The tribe believes that these poisons give them strength and courage during fights with other tribes or animals. They also believe that these poisons protect them from harm by giving them an edge over others in battle or hunting for food.
This dangerous practice has led to many deaths among members of the tribe and has led to the extinction of many species within their territory including rare animals like gorillas, chimpanzees and elephants which are now extinct due to overhunting by outsiders such as poachers who want their skins for profit.
9. Blue Kapuas Tribe
The Blue Kapuas people practice headhunting which has been done since time immemorial by them. They worship nature as their gods and believe that animals have souls too as humans do. They have been known to be dangerous and violent people, who are known for their cannibalism. Their society is organized around a matrilineal system, where women inherit property from their mothers and pass it on to their daughters.
The male members of the tribe also have ownership of property that they can use as long as they live with them. The men also have power over women, making them subject to their fathers or husbands at all times. They are also known for having a type of marriage called "sanggah" wherein only the bride is allowed to leave her husband's house until she gives birth to her baby. If she wants to leave him, he must give her permission first.
These tribesmen are also known for practising circumcision by cutting off part of their penis. This practice has been deemed illegal by the government but still continues in certain parts of West Kalimantan because people believe it makes them stronger and more virile while they are still young boys growing up in these tribesmen's society
10. Konyak Tribe
The Konyak tribe is one of the most dangerous tribes in India. They are known for their piracy, human trafficking and drug smuggling.
The Konyak tribe is spread over three different states: Chhattisgarh, Odisha and Madhya Pradesh. They are also known as the Modh bibi (daughter of the hill) tribe. The Konyak people speak a unique language called Konya Telugu, which is not related to any other language in the world.
They have been living in these places since time immemorial and have developed their own culture with all its traditions, customs and beliefs.
The Konyak community has been facing many problems due to their primitive lifestyle which has led them to commit many crimes against the law of the land. They are famous for their barbaric practices such as kidnapping children from villages and selling them off to foreign countries where they work as slaves or domestic servants in homes across continents.

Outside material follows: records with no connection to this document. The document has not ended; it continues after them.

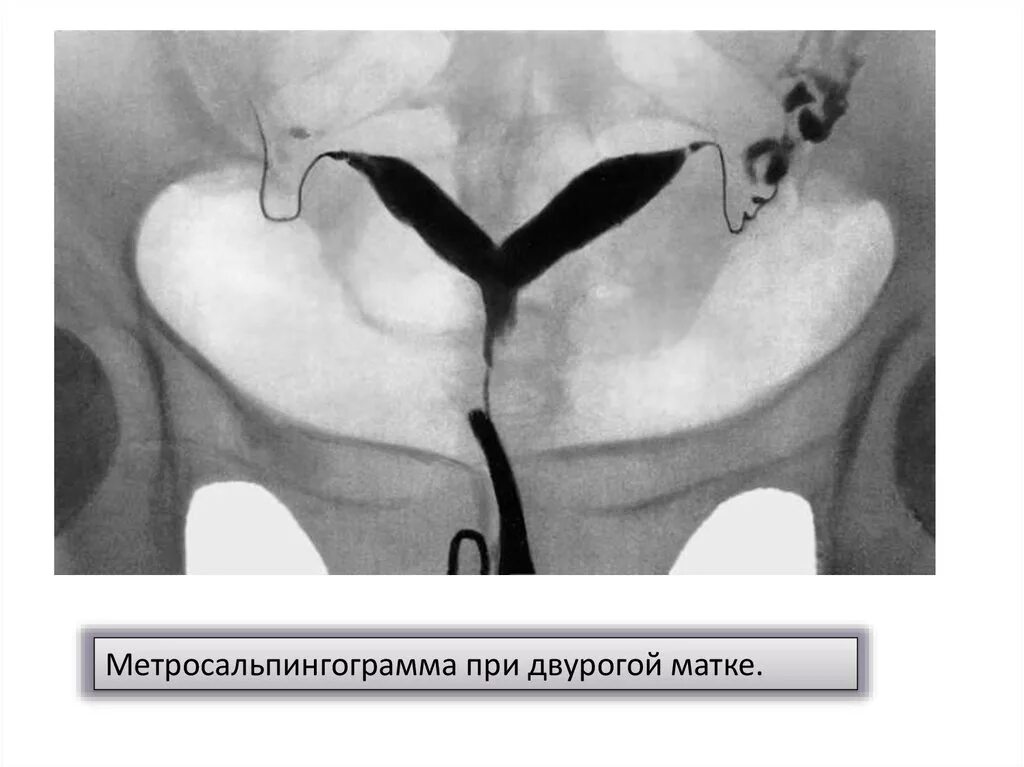 Гистеросальпингография двурогая матка. Двурогая матка рентген. Двурогая матка операция. Что такое двурогая матка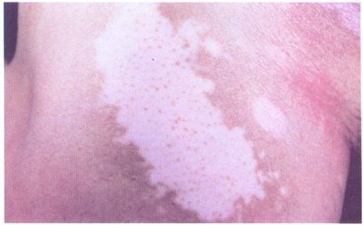 成人治疗白癜风的原则是什么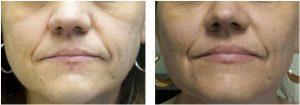 Botox And Radiesse By Dr. Christine Hamori, Plastic Surgeon In Duxbury, MA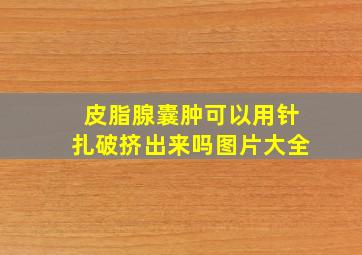 皮脂腺囊肿可以用针扎破挤出来吗图片大全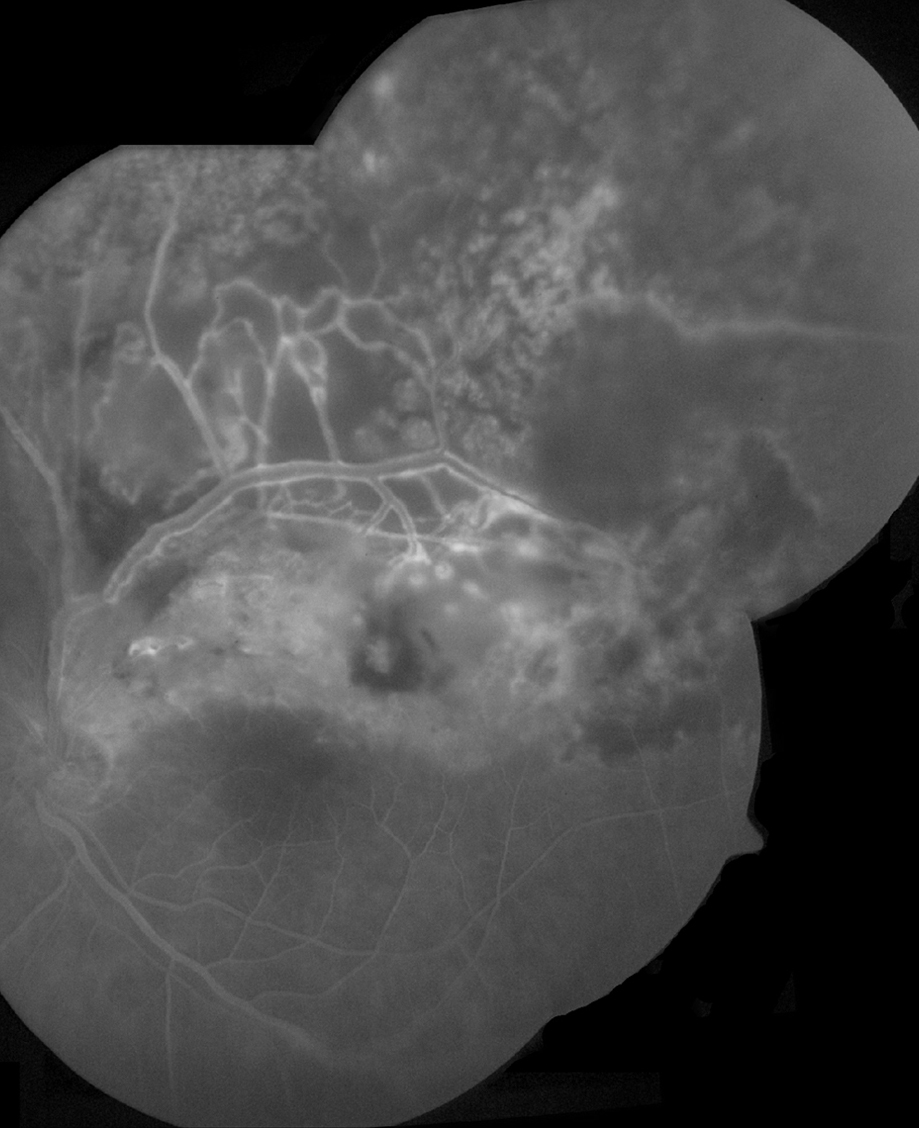 Fluorescein angiogram showing retinal hyperfluorescent lesion and vascular dilation with vessel staining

As a society, we value and respect those who have been physically, mentally and emotionally tested. Athletes who prove themselves in the face of extreme physical danger and pain are often venerated as heroes, whereas people like our tribal ancestors are viewed with a mixture of contempt, pity and mystery. Respect is not something we give out freely to those who haven't fought it out for it—and yet, when we look at the lives of tribal people around the world, we see a way of life that seems so free, so uncomplicated and so peaceful that even the most westernized among us can hardly comprehend how they were able to achieve it. Is there something we can learn from these societies that are not just healthier than ours (which is debatable), but also more peaceful and secure? The answer is yes. If we open our eyes to possibilities outside of our day-to-day existence, and if we choose to believe that humans can be better than we are now, I believe that not only will our overall quality of life improve but our character will be strengthened by the end of it. There are places in this world where people have achieved peace without violence; tribes where extended families live together in harmony with one another; and communities where.